### The problem:
In the listing below, locate the line with "Работа с классом" and the line with "写动物园的250个字的作文", then output both and everything between them exactly, minus any pictures.

### Dataset excerpts:

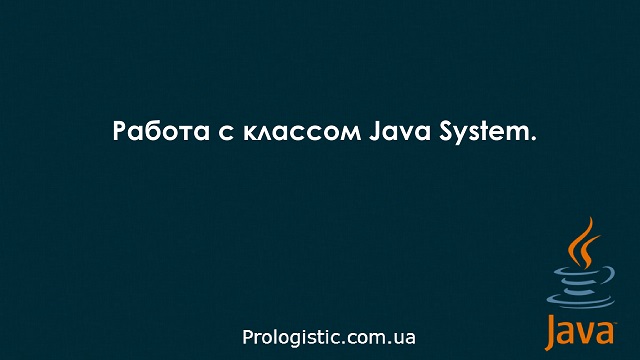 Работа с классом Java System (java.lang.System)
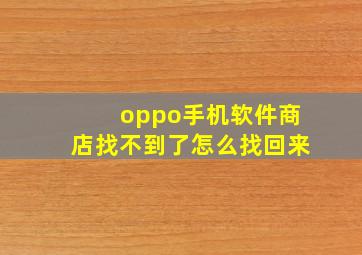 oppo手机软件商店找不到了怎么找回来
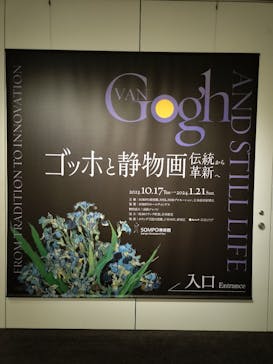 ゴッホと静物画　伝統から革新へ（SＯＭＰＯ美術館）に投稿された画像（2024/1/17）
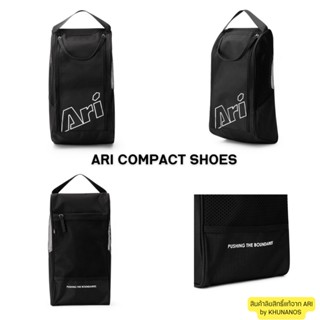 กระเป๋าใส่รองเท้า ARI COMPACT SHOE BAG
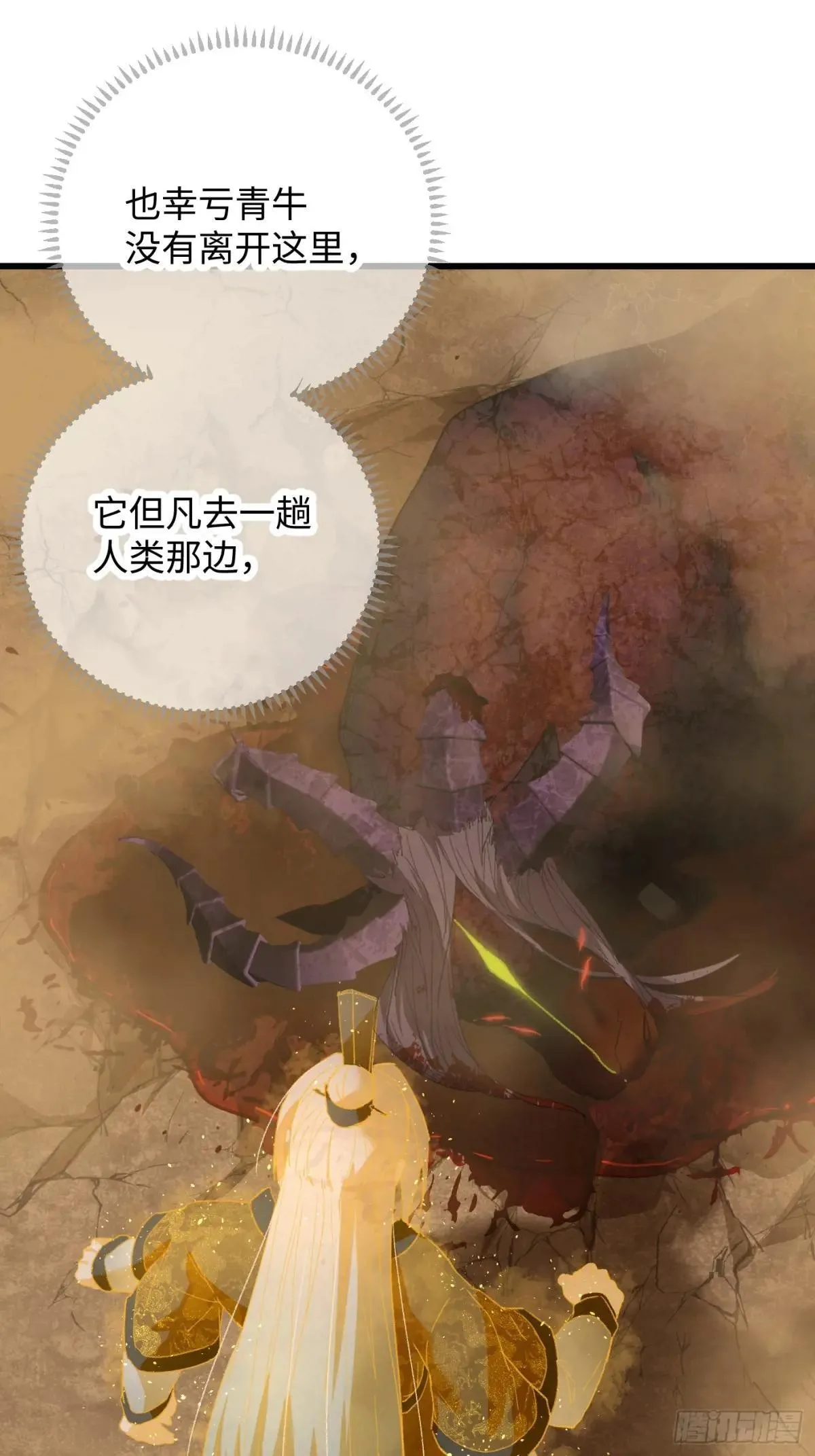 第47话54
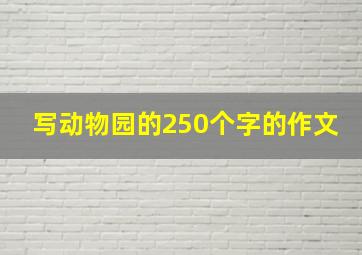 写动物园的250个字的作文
---
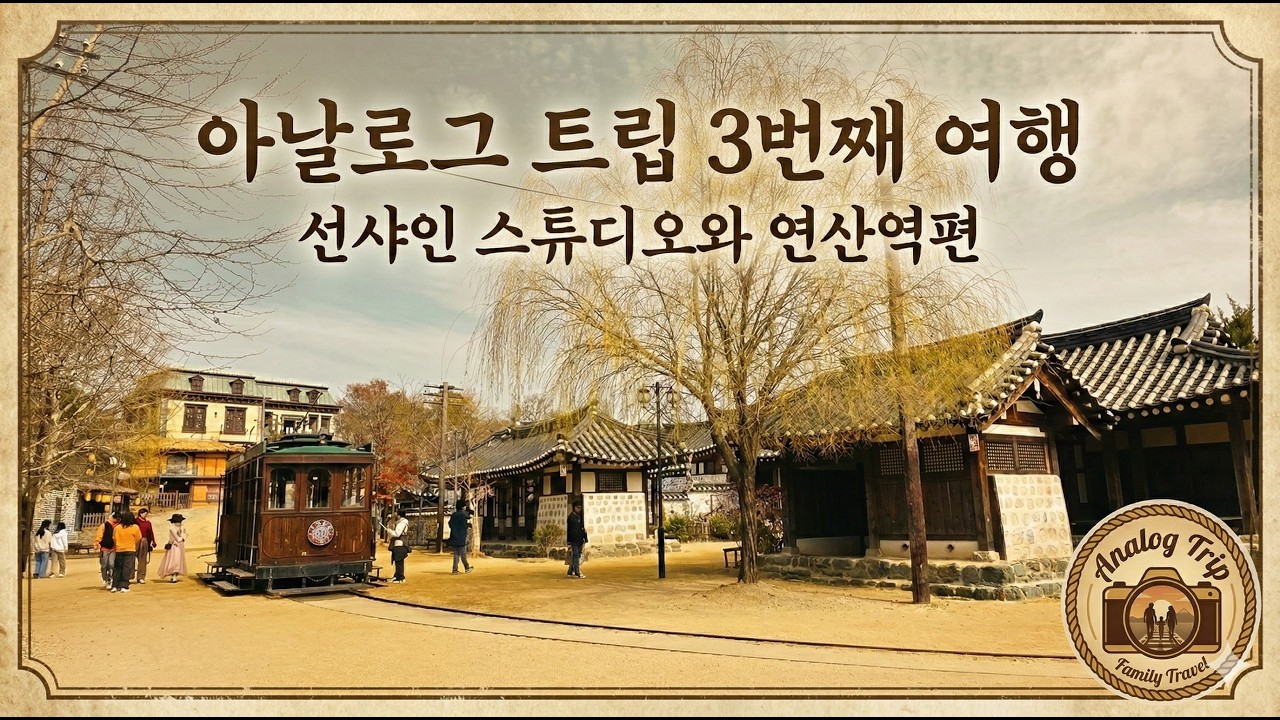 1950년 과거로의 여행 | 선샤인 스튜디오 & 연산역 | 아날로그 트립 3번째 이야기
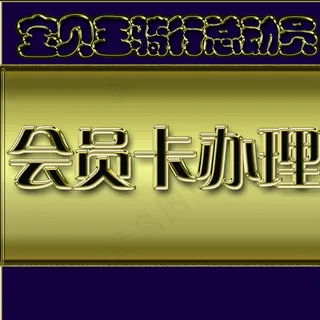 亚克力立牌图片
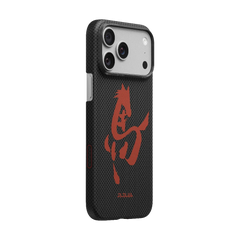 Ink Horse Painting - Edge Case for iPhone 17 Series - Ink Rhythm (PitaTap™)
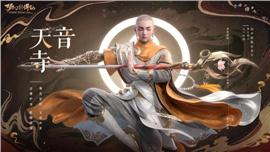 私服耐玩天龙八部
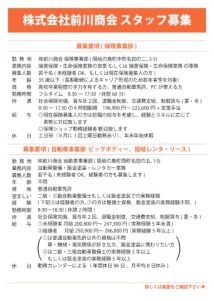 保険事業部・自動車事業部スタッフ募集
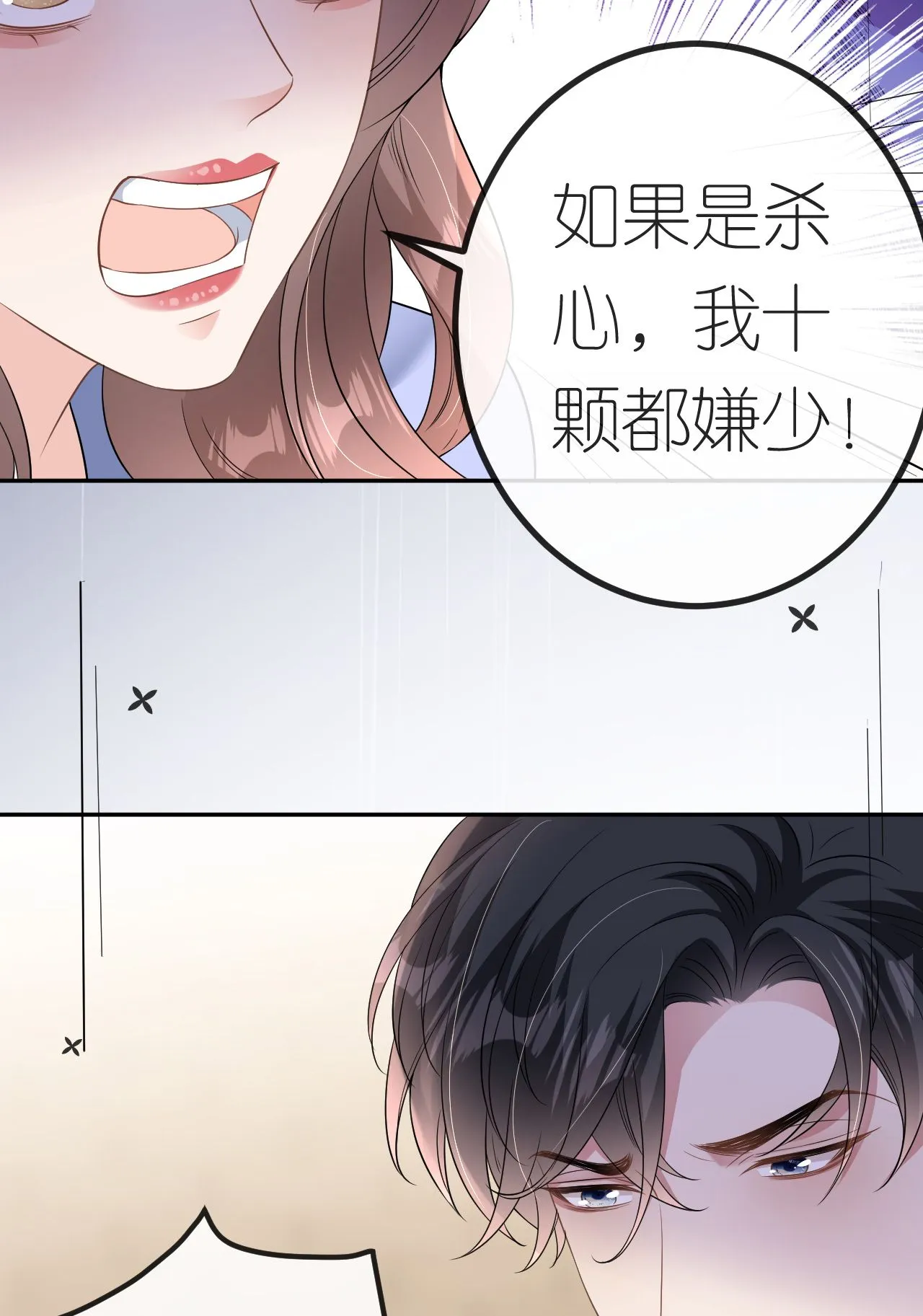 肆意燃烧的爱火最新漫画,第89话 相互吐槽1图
* * *
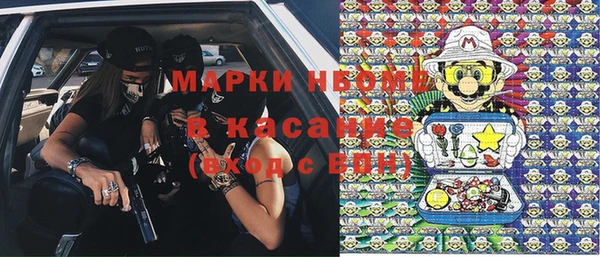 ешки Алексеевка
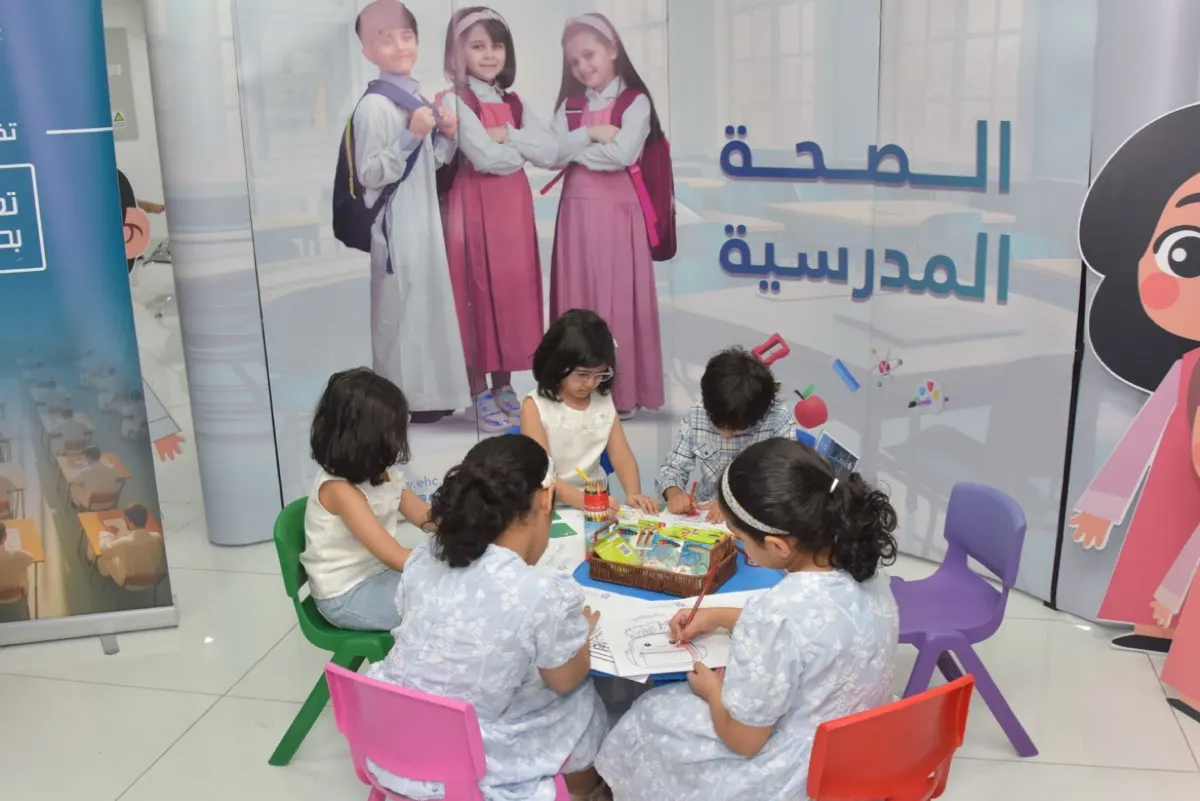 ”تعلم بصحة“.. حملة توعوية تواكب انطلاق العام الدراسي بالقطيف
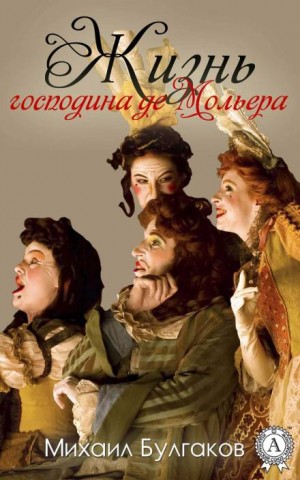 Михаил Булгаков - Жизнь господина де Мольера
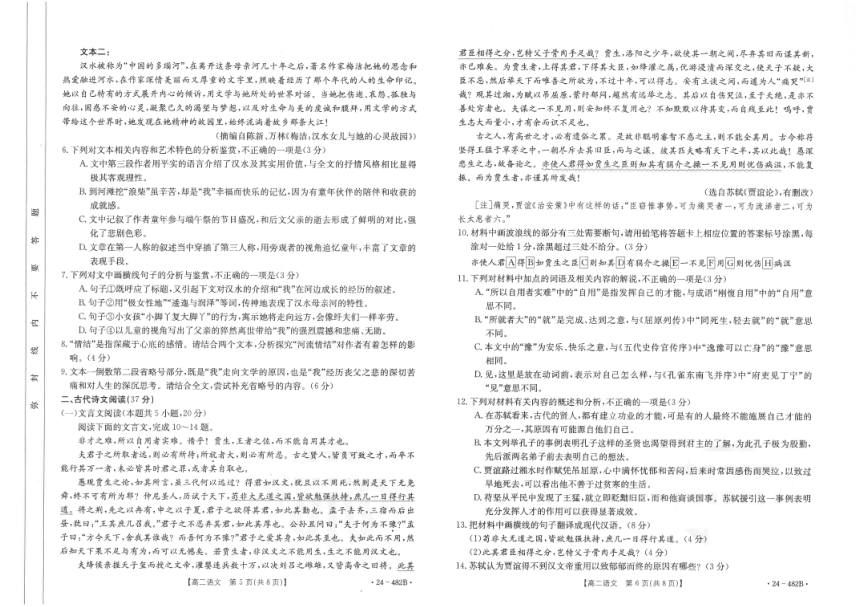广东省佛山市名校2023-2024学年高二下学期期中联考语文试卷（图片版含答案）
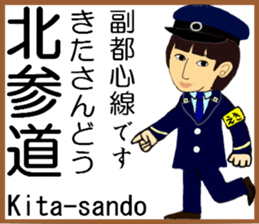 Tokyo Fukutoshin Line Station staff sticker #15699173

### Solution for this problem:
 Работа с классом Java System (java.lang.System)
 oppo手机软件商店找不到了怎么找回来
 ゴッホと静物画　伝統から革新へ（SＯＭＰＯ美術館）に投稿された画像（2024/1/17）
 กระเป๋าใส่รองเท้า ARI COMPACT SHOE BAG
 第47话54
 写动物园的250个字的作文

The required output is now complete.